HK Stock Market Move | Oil stocks collectively rise as the blockade of the Strait of Hormuz leads to energy supply interruptions. Institutions predict that short-term crude oil prices will remain strong.
Oil stocks collectively rose, as of the time of writing, CNOOC (02883) rose 5.55% to HK$9.31; PetroChina (00857) rose 3.38% to HK$11; Sinopec (00883) rose 2.6% to HK$27.58; Sinopec (00386) rose 1.33% to HK$4.56.
Oil stocks collectively rose. As of press time, China Oilfield Services (02883) rose by 5.55% to HKD 9.31; PetroChina (00857) rose by 3.38% to HKD 11; CNOOC (00883) rose by 2.6% to HKD 27.58; Sinopec Corp (00386) rose by 1.33% to HKD 4.56.
According to market media reports, on Wednesday, three ships were intercepted by Iran in the Persian Gulf and surrounding waters. At the same time, the US military has requested 31 ships to turn around or return to port since the blockade began. In addition, the US military claims that it will take 6 months to complete the mine clearance in the Strait of Hormuz. The latest developments have cast a shadow over the reopening of the Strait of Hormuz, thwarting hopes for the resumption of this critical maritime route.

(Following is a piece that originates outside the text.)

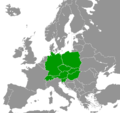 Carte où apparaissent Pologne, Tchéquie, Slovaquie, Hongrie, Allemagne, Suisse, Autriche, Slovénie (en vert).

Barclays points out that the continued blockade of Iranian ports by the US has tightened the supply in the physical energy market, and the market has not fully realized the actual impact of the current supply interruptions. The bank believes that the current price of US oil stocks indicates that the market seems to have priced long-term oil prices at around $60 to $65 per barrel, which is clearly too optimistic, and predicts that oil prices will rise in the coming months. CITIC Futures analysis suggests that geopolitical risks and supply-demand imbalances will continue to support oil prices, and expects crude prices to remain strong in the short term.